**The data**.
Content starts

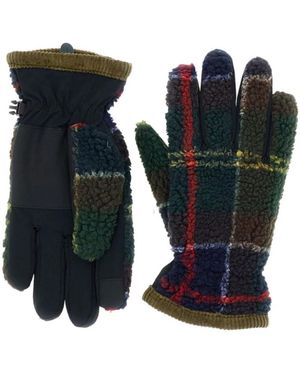 Barbour Field Tartan Fleece-Handschuhe - Blau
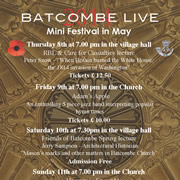 BatcombeLive Mini Festival 8th – 11th May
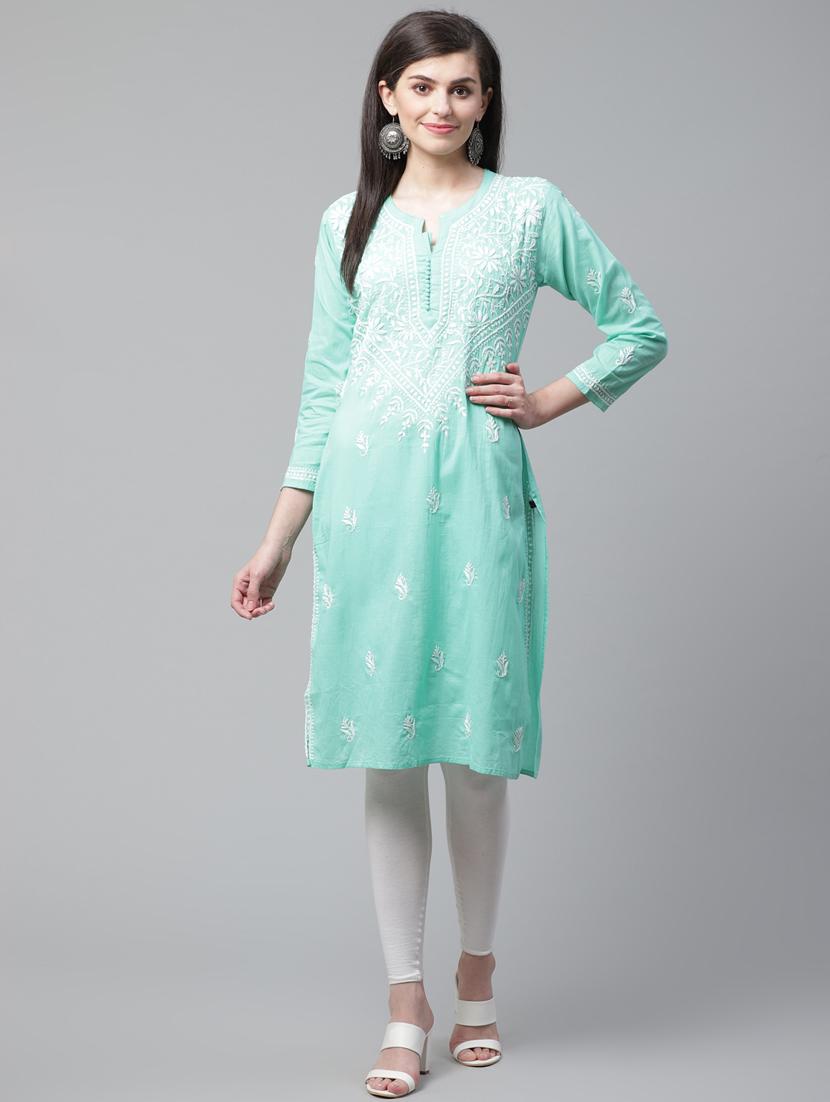 chikankari straight kurta - 17559132 - Zoom Image - 1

Content ends

Starting at the line that contains "BatcombeLive Mini Festival 8th – 11th May" and ending with the last line of the data, transcribe every line exactly; skip the pictures.

**Response to the task**.
 BatcombeLive Mini Festival 8th – 11th May
 chikankari straight kurta - 17559132 - Zoom Image - 1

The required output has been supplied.